Hi friends! Jess here, dispatching from rainy Yakutat, Alaska! Located about 212 miles northwest of Juneau, Yakutat is a small village with a stunning landscape, and a year round population of about 500. It's a bit north of the beaten Southeast Alaska path... but Caleb's family lives here, and it's beautiful place to fish for lingcod - so we love having an excuse to make the 24 hour run up the coast and fish these glacially fed waters. As our first fishery of the spring, lingcod fishing is also our chance to build our sea legs (and arms, and back...) before the insanity of summer salmon starts up, and make sure the back deck and blast freezer is running smoothly!
Our directed fishery for lingcod is called "dinglebaring". Yep, that's it's official name. Dinglebaring is a lot like trolling, except instead of fishing four lines, we only fish one. One line is outfitted with between 6 - 12 hooks on it at a time. The "bar" portion of "dinglebaring" refers to a large, 70lb steel rod that we use to weigh down our line. Our large hooks are individually weighted with lead heads, and large rubber grubs that serve as artificial bait.

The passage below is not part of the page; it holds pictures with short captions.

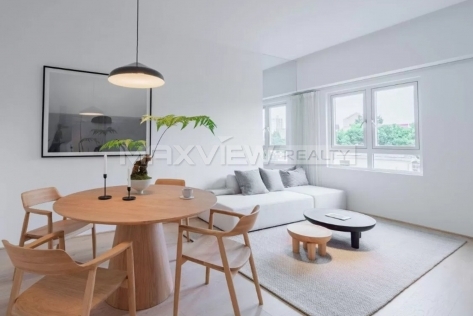 41 Hengshan Rd 2bedroom 87sqm ¥24,000 PRM20491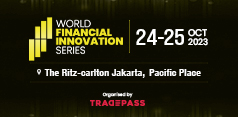 The World Financial Innovation Series 2023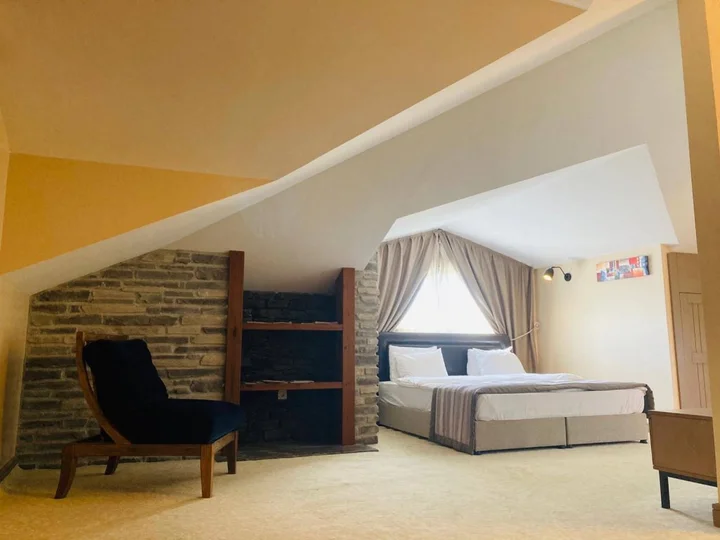 Сайл: Mata Butik Hotel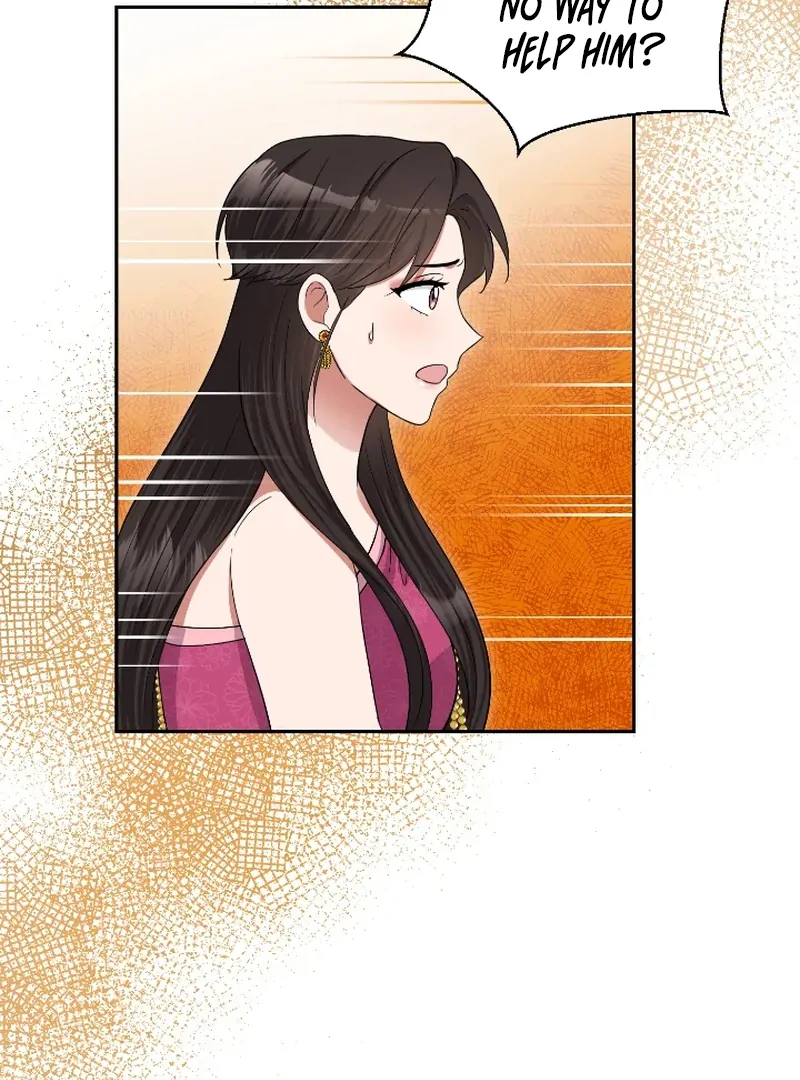 Love Destiny chapter 45 page 31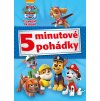 tlapkova patrola 5minutove pohadky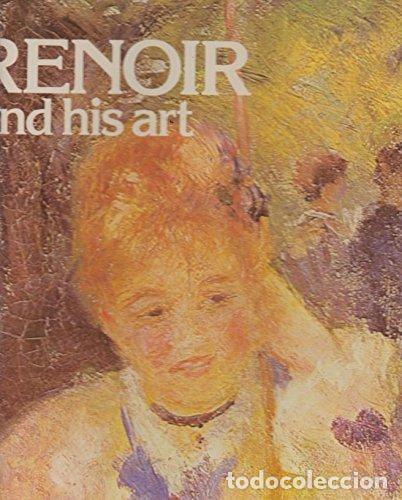 Libros: RENOIR AND HIS ART (MASTERS S.) [ENCUADERNACI&Oacute;N DESCONOCIDA] KEITH-WHELDON-AUGUSTE-RENOIR -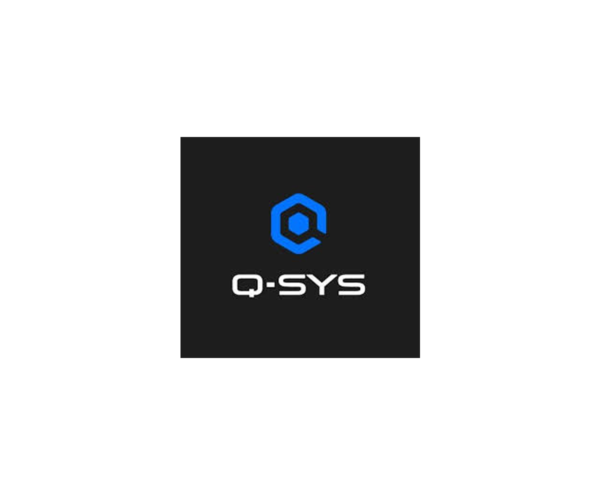 Q-SYS Designer Software System Installation - Miami, Fort Lauderdale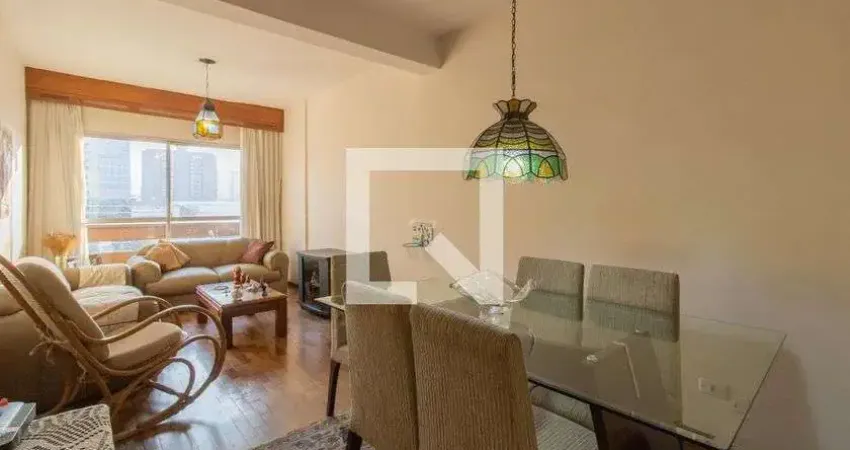 Apartamento para Venda - Vila Miriam, 2 Quartos,  83 m² - Guarulhos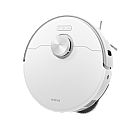 Mova - P70 Pro Ultra, 30000 Pa, roterande moppar, 100 °C mopptvätt, vit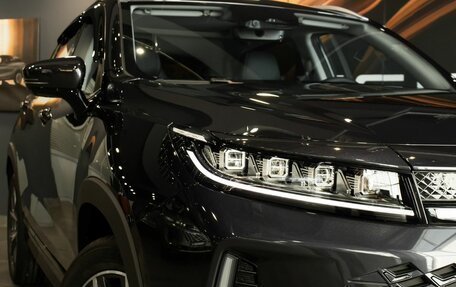 CheryExeed LX, 2024 год, 3 425 400 рублей, 10 фотография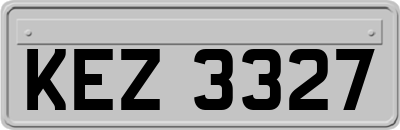 KEZ3327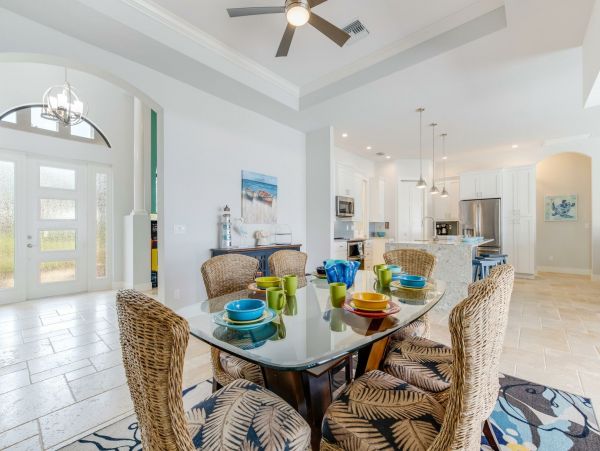 Cape Coral Home 1010866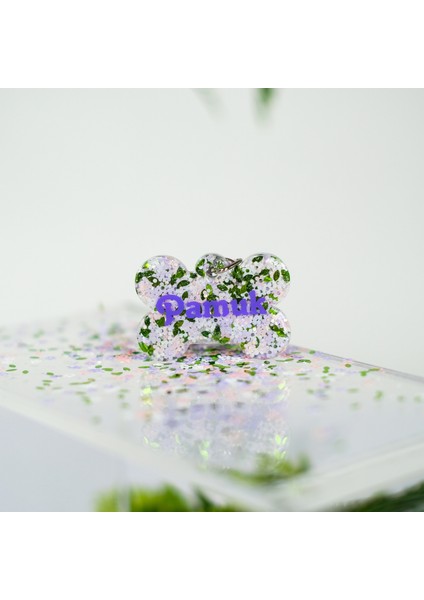 NFC Pet Künyesi: Tek Dokunuşta Dijital Profil + Anında Konum Bildirimi. Şarj ve uygulama gerektirmez; ömürlük kimlik + kaybolma anında en hızlı çözüm. Model: 5 cm Flora fırsatları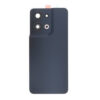 Tapa Oppo Reno 8 5G  Dorado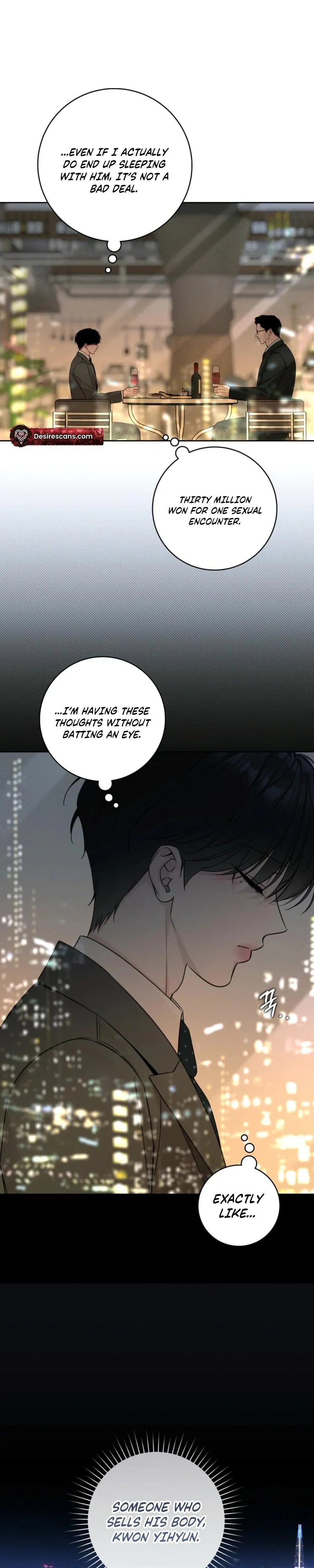 Winter Season Chapter 18 page 6 - 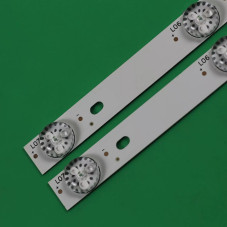 Подсветка TV 32 RF-BS320E30-0701S-17 B0 T185-H03-6.2-6.4 C320X15-E6-H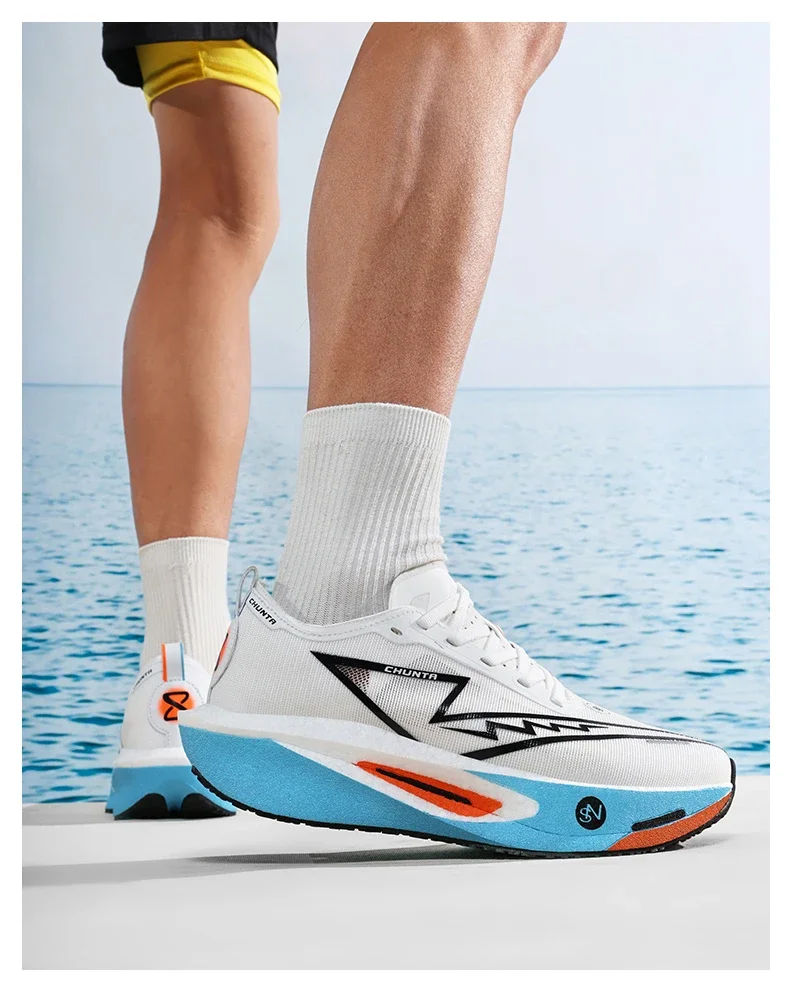 Zapatillas para correr especialidad tabla de carbono maratón hombres | Zapatos y calzado · Omeda.es - Imagen 15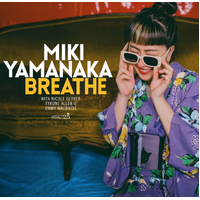 Miki Yamanaka - Breathe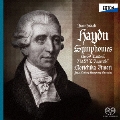 ハイドン:交響曲集 Vol.21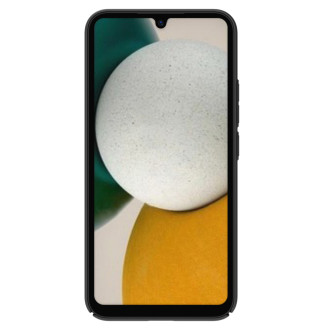 Nillkin CamShield Case - Armored Case pro Samsung Galaxy A34 5G s krytem fotoaparátu - Černá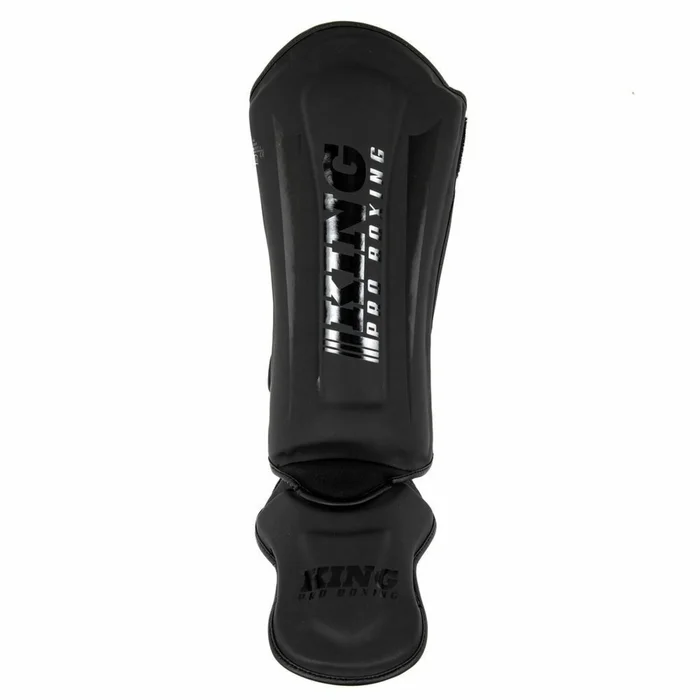 Protège-tibias boxe Thaï King Pro Boxing Kpb/Sg Revo 4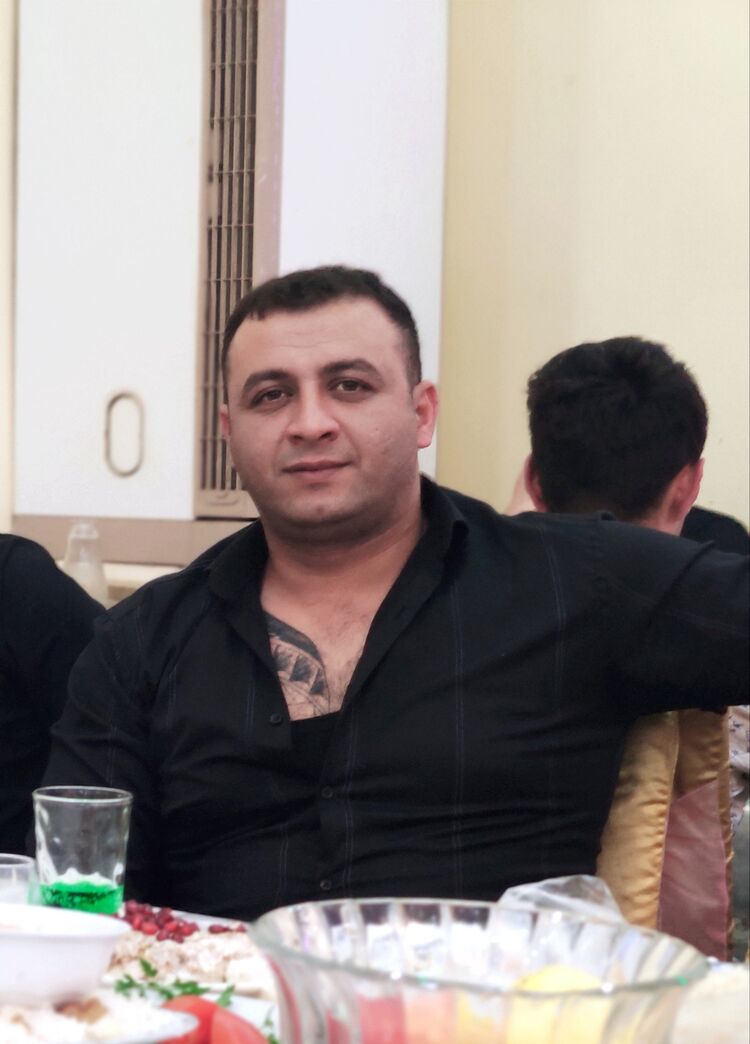 ���� 38519738 ������� Zaur, 36 ���, ���� ���������� � �������������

Dinglebar opened up on May 16th, and will remain open until the entire quota is caught. The Alaska Department of Fish and Game manages the dinglebar fishery by dividing up Southeast Alaska into multiple management areas, and then allocating those management areas a specific number of pounds to be harvested. The management area we fish is called the "Icy Bay Subdisctrict", and it is allocated 44,000 lbs of lingcod this year, to be caught by the fleet on a first come, first serve basis.
We just returned to port from a great week on the water. The weather was reasonably cooperative, there were no breakdowns, and the fishing was consistent - a fishing trip trifecta of perfection! Since our lingcod are frozen at sea, they have to be thoroughly bled, gutted, and washed before they can entire the freezer... And after not wielding a knife for the last 7 months, our hands are feeling the burn. It's amazing how quickly the body adapts to repetitive movements though, and we're happy to get the painful break-in of fishing done before salmon opens on July 1st.
After the lings have been landed on deck, de-hooked, allowed to bleed, headed, gutted, and thoroughly washed, they're staged on our hatch for one final look-over before entering the blast freezer downstairs.
When placed in the blast freezer, fresh lingcod are laid out on sheets of aluminum, to retain their shape until frozen solid. They freeze solid in about an hour or two, at which point they can be popped off the plates, and stored in the bins of our fish hold. And that's just half the job.
Once we've filled a good portion of the fish hold, or weather forces us to port - whichever comes first - we pause fishing to "glaze" our fish. "Glazing" means that each individual fish is dipped in a bath of chilled seawater, leaving a thin layer of ice covering the entirety of the fish. This ensures that the fish retains its moisture, flavor, and freshness! After being dipped, the fish are propped up around the fish hold to ensure the glaze is fully set before the fish are re-stacked away. We completed our first round of glazing yesterday, and it took about three hours.
The ambient air temperature in our freezer is between - 35F and - 39F degrees - and that's behind the evaporator fan, out if the wind! Where we work, in full blast of the fan, the temperature is around -60F or colder. We wear freezer suits, snowmobile boots, balaclavas, and work as hard and fast as possible. We're definitely chilled after spending 3+ hours down there, but it's actually not as bad as it sounds. Plus, it makes the Alaskan climate feel positively BALMY.
Now that all the fish on board are glazed, we can enjoy the rest of our stormy time in port. The weather looks like it should break tomorrow, so we'll be able to head back out and do it all over again!